Hotels and Resorts: Owns and operates full service hotels and resorts in Wisconsin, Illinois, Oklahoma and Nebraska and manages full service hotels, resorts and other properties in Wisconsin, Illinois, Minnesota, Texas, Nevada, California and Nebraska.

Principles of Consolidation - The consolidated financial statements include the accounts of The Marcus Corporation and all of its subsidiaries, including a 50% owned joint venture entity in which the Company has a controlling financial interest. The Company has ownership interests greater than 50% in one joint venture that is considered a Variable Interest Entity (VIE) that is also included in the accounts of the Company. The Company is the primary beneficiary of the VIE and the Company’s interest is considered a majority voting interest. The equity interest of outside owners in consolidated entities is recorded as noncontrolling interests in the consolidated balance sheets, and their share of earnings is recorded as net earnings (losses) attributable to noncontrolling interests in the consolidated statements of earnings (loss) in accordance with the partnership agreements.

Investments in affiliates which are 50% or less owned by the Company for which the Company exercises significant influence but does not have control are accounted for on the equity method. The Company has investments in equity investments without readily determinable fair values, which represents investments in entities where the Company does not have the ability to significantly influence the operations of the entities.

All intercompany accounts and transactions have been eliminated in consolidation.

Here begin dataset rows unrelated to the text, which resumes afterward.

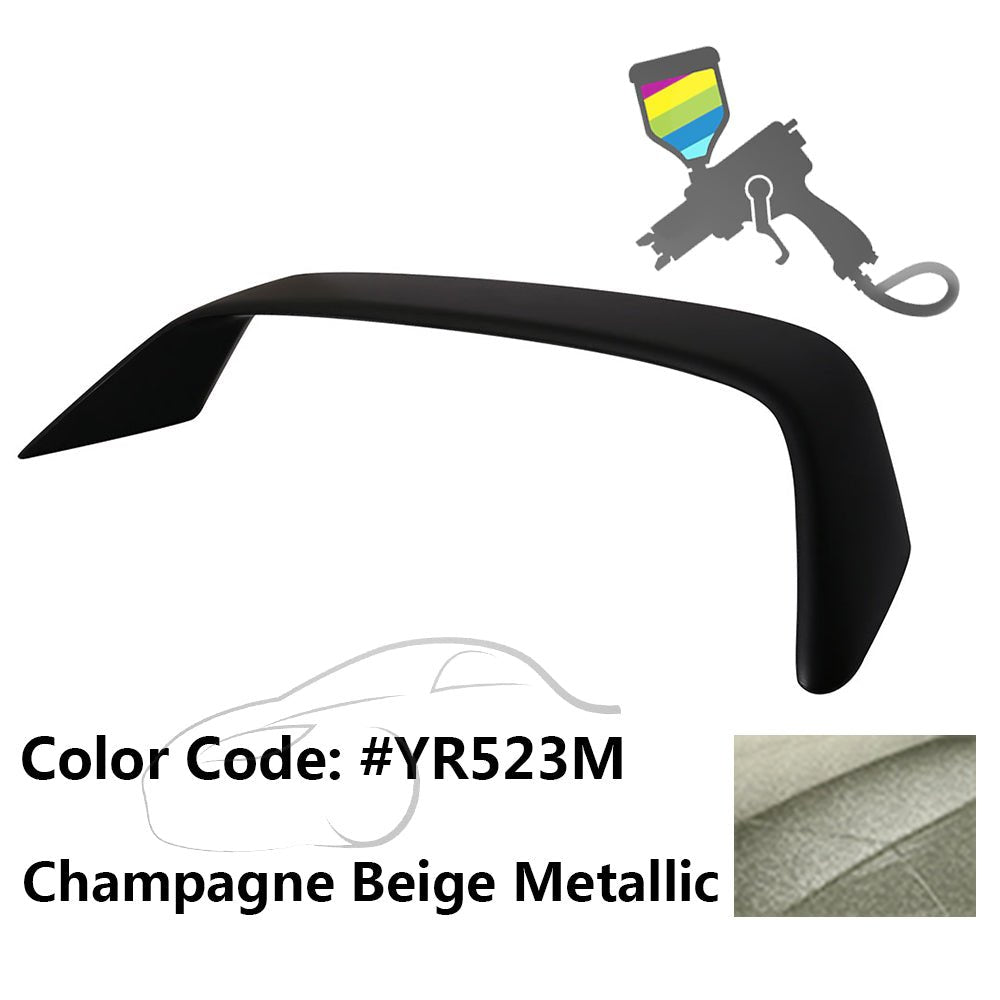 1994-2001 Acura Integra 2 Door Hatchback Coupe DC2 Trunk Spoiler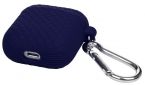 Чохол Weave Series i-Smile для Apple AirPods IPH1461 (BC_703338) Blue - фото 2 - інтернет-магазин електроніки та побутової техніки TTT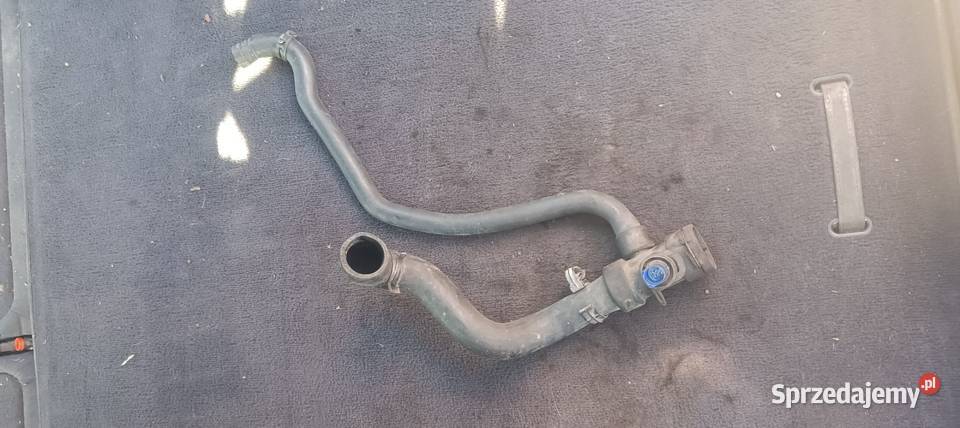 Wąż Chłodnicy Dół 4B0 121 049 L Audi A4 B5 FL Myszków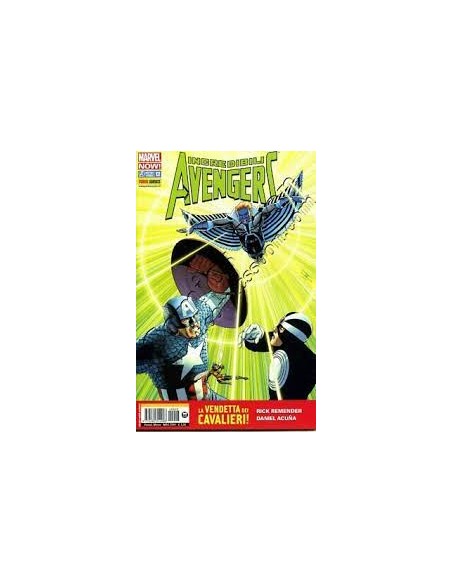 INCREDIBILI AVENGERS 13 - MARVEL NOW!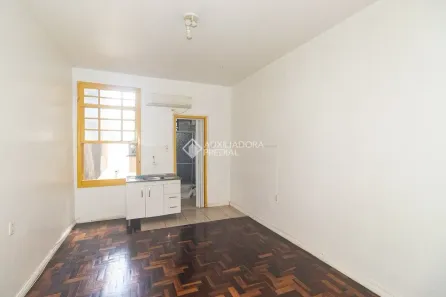 Apartamento com 1 Quarto para alugar, 26m² no Floresta, Porto Alegre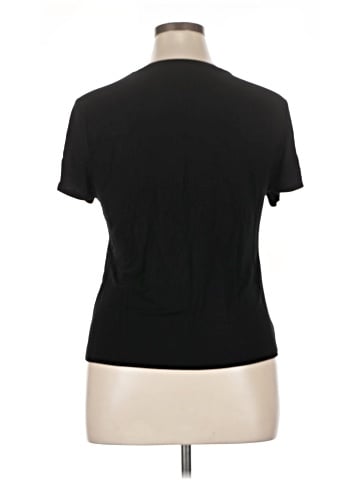 DKNY Short Sleeve Top (view 2)
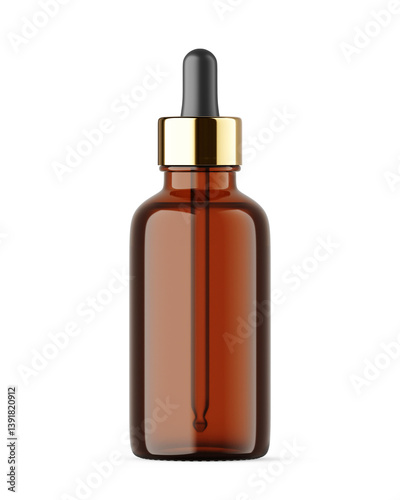 dropper bottle mockup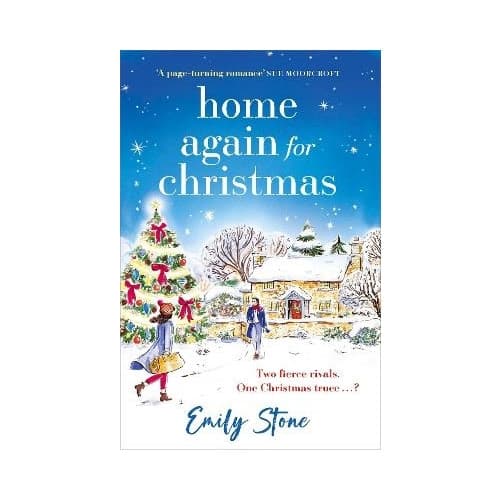 Home Again for Christmas (pocket, eng)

Use of Estimates - The preparation of financial statements in conformity with U.S. generally accepted accounting principles requires management to make estimates and assumptions that affect the amounts reported in the financial statements and accompanying notes. Actual results could differ from those estimates.

Change in Accounting Policies – The Company adopted Financial Accounting Standards Board (FASB) Accounting Standards Update (ASU) No. 2016-02, Leases, (Topic 842), on the first day of fiscal 2019. These lease policy updates were applied prospectively in the Company’s financial statements from December 28, 2018 forward. Reported financial information for the historical comparable periods was not revised and continues to be reported under the accounting standards in effect during the historical periods. See Note 8 for further discussion.

Cash Equivalents - The Company considers all highly liquid investments with maturities of three months or less when purchased to be cash equivalents. Cash equivalents are carried at cost, which approximates fair value.

Restricted Cash - Restricted cash consists of bank accounts related to capital expenditure reserve funds, sinking funds, operating reserves and replacement reserves and may include amounts held by a qualified intermediary agent to be used for tax-deferred, like-kind exchange transactions. Restricted cash also includes funds held within the Company's captive insurance entity that are designated to pay expenses related specifically to the captive.

Fair Value Measurements - Certain financial assets and liabilities are recorded at fair value in the financial statements. Some are measured on a recurring basis while others are measured on a non-recurring basis. Financial assets and liabilities measured on a recurring basis are those that are adjusted to fair value each time a financial statement is prepared. Financial assets and liabilities measured on a non-recurring basis are those that are adjusted to fair value when a significant event occurs. A fair value measurement assumes that a transaction to sell an asset or transfer a liability occurs in the principal market for the asset or liability or, in the absence of a principal market, the most advantageous market for the asset or liability.

69

THE MARCUS CORPORATION

NOTES TO CONSOLIDATED FINANCIAL STATEMENTS

1.  Description of Business and Summary of Significant Accounting Policies (continued)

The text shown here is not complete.